WE4.2.10 Add more browser signals to client hints pipeline to generate unique device identifier
Closed, ResolvedPublic

Description

If we add two more data points to the client hints collection pipeline, we will be able to measure and confirm the increased entropy in unique device identification.
Context: This hypothesis continues from WE4.2.1. … where we identified that the current Chrome client hints data is a reliable replacement for user agent that will be discontinued.

This hypothesis directly contributes to the KR by providing new signals (browser canvas fingerprint, list of fonts) that will allow CheckUsers to more precisely target sockpuppets and accounts attempting to evade bans.

Note: this is a joint work across (at least) two quarters between Research and Trust and Safety Product Team.

User stories

  • As a CheckUser, I should be able to see a device similarity score, to help with identifying sockpuppeting and ban evasions
  • As a functionary, when creating an indefinite block of a user, I should be able to block unique device identifiers associated with the user
  • ...

Scope of work (subtasks to be created):

  • Update ext.checkUser.clientHints to obtain list of fonts and generate a canvas fingerprint
  • Update CheckUser client hints APIs to allow for intake of list of fonts and canvas fingerprint hash
  • Build a class for generating a locality-sensitive hash client hints, fonts and canvas fingerprint, something like this
  • Update CheckUser UI to display the locality-sensitive hash of client hints, fonts and canvas fingerprint
  • Update CheckUser UI to be able to show matches with similarity score above some configurable threshold

Legal approval

Details

Due Date
Feb 28 2025, 5:00 AM

Event Timeline

Note the relevant L3SC discussion is happening here: https://app.asana.com/0/0/1208478147018066/f

Per conversation with @XiaoXiao-WMF and discussions in https://app.asana.com/0/0/1208478147018066/f, would like to put this on hold (or at least, keep it as something we are thinking about and discussing rather than actively working on) while we are working out if integration with hCaptcha is possible.

Note the relevant L3SC discussion is happening here: https://app.asana.com/0/0/1208478147018066/f

Per conversation with @XiaoXiao-WMF and discussions in https://app.asana.com/0/0/1208478147018066/f, would like to put this on hold (or at least, keep it as something we are thinking about and discussing rather than actively working on) while we are working out if integration with hCaptcha is possible.

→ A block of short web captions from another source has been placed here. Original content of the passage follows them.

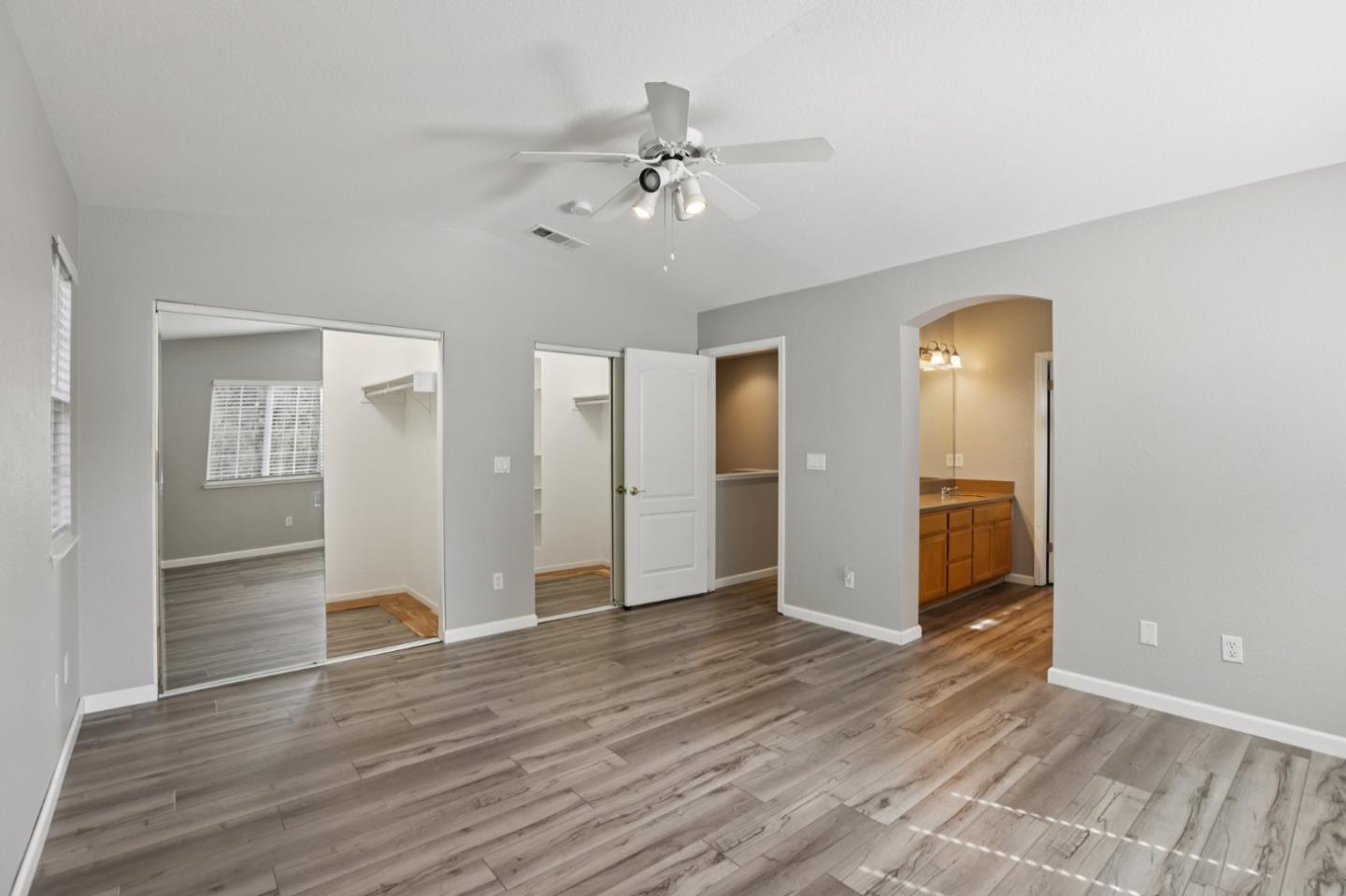 Detail Gallery Image 13 of 42 For 2159 Walsingham Ct #62,  Tracy,  CA 95376 - 3 Beds | 2/1 Baths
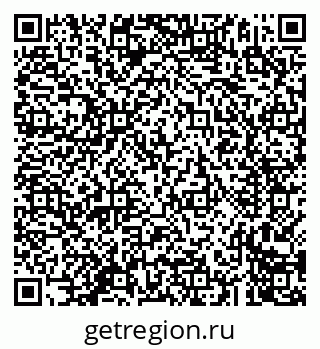 79293901466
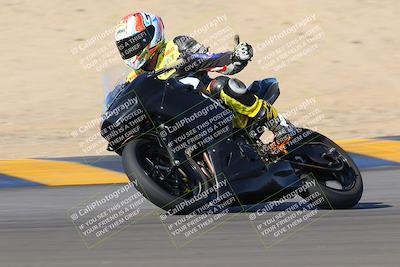 media/Dec-18-2022-SoCal Trackdays (Sun) [[8099a50955]]/Turns 9 and 10 Set 2 (1055am)/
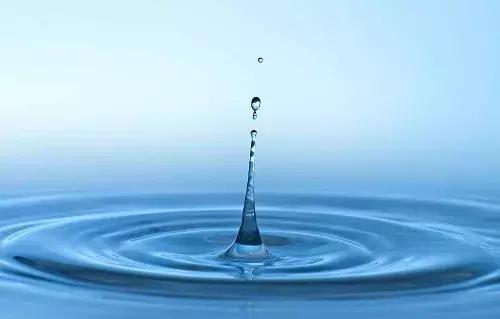 大连水质发现问题了吗,大连水质测量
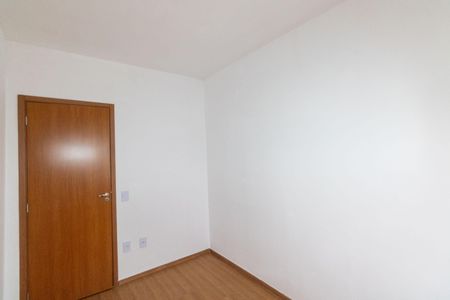 Apartamento para alugar com 46m², 2 quartos e 1 vagaQuarto 1
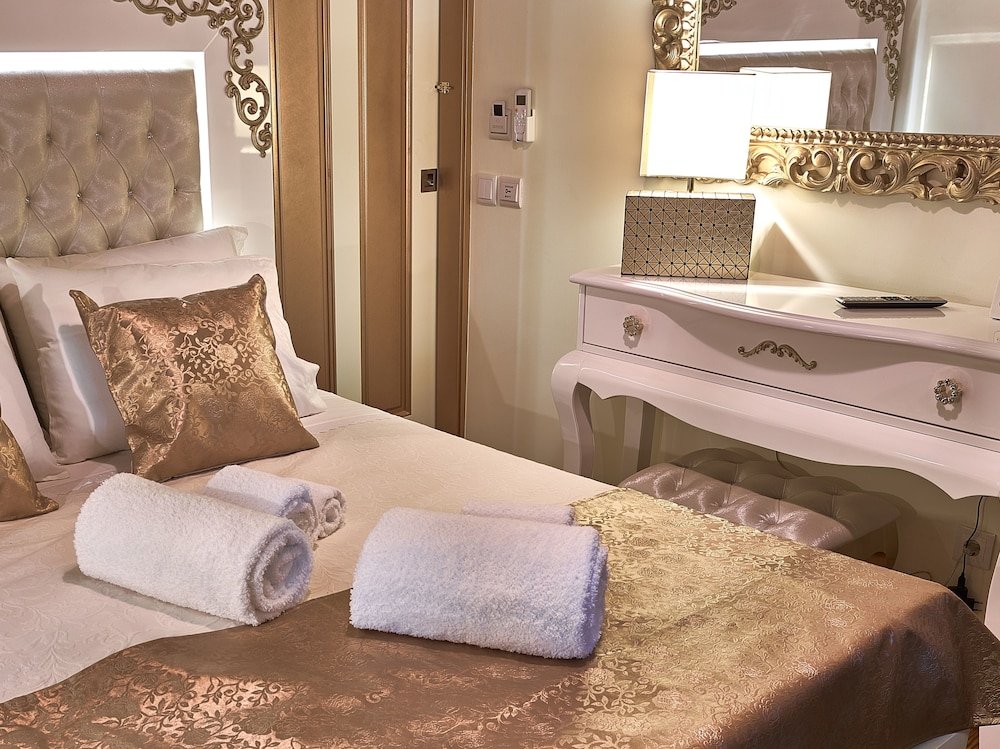 Фото Solar Antigo Charme Coimbra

OK, I thought this through some more and discussed with @SCherukuwada, my updated view is that we should move forward with this hypothesis in Q2/Q3, because:

  • even though hCaptcha will have a superior unique device identifier mechanism, we hedge our bets by not relying entirely on hCaptcha
  • the technical implementation seems feasible within a quarter of work
  • we can have a working solution in production sooner, based on established infrastructure (client hints collection + CheckUser)
  • we can work through legal and privacy concerns in this hypothesis that will apply to other work (e.g. hCaptcha)

I'd suggest removing the ml-model-requests tag--AIUI, no model would be needed here.

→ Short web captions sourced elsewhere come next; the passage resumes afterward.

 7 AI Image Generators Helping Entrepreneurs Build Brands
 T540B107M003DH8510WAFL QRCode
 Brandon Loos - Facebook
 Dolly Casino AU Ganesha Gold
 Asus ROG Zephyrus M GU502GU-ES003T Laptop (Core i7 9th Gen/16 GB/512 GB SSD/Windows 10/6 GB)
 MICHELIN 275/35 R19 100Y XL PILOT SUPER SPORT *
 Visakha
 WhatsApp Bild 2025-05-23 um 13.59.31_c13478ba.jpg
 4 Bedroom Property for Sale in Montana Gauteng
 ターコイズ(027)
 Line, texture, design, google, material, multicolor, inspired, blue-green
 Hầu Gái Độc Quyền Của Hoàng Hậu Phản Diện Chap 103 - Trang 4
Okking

kostajh renamed this task from WE4.2.10 Add more signals to client hints pipeline for unique device identifier research to WE4.2.10 Add more browser signals to client hints pipeline to generate unique device identifier locality-sensitive hash.Dec 4 2024, 9:42 AM
kostajh updated the task description. (Show Details)

Thank you for starting this. As an enwiki CU, I appreciate the effort WMF is devoting to Trust and Safety Tools. Would it be possible for project CUs to weigh in more on their needs for such a tool? In particular, I will note that project CUs don't normally limit themselves to looking for exact matches (IP and User-Agent exactly matching), and so if this ever comes to supplant the raw availability of user-agents or client hints, the MVP of the unique device identifier locality-sensitive hash would then have to include include:

  • The ability to tell how similar one UA (or UA-equivalent) is to another (not just if it is identical)
  • The ability to tell how typical or atypical the UA is to the overall pool (for example, to be able to detect very old UAs, which is one common but not universal hallmark of UA spoofing, which is quite common on the projects)
  • Some ability to "look under the hood" to understand what drove the similarity score
  • More advanced ability to provide context on how the ISP or geography handles UAs, IP sharing, etc.

I'd be glad to chat more if that's helpful. Thank you!

Thank you for starting this. As an enwiki CU, I appreciate the effort WMF is devoting to Trust and Safety Tools. Would it be possible for project CUs to weigh in more on their needs for such a tool?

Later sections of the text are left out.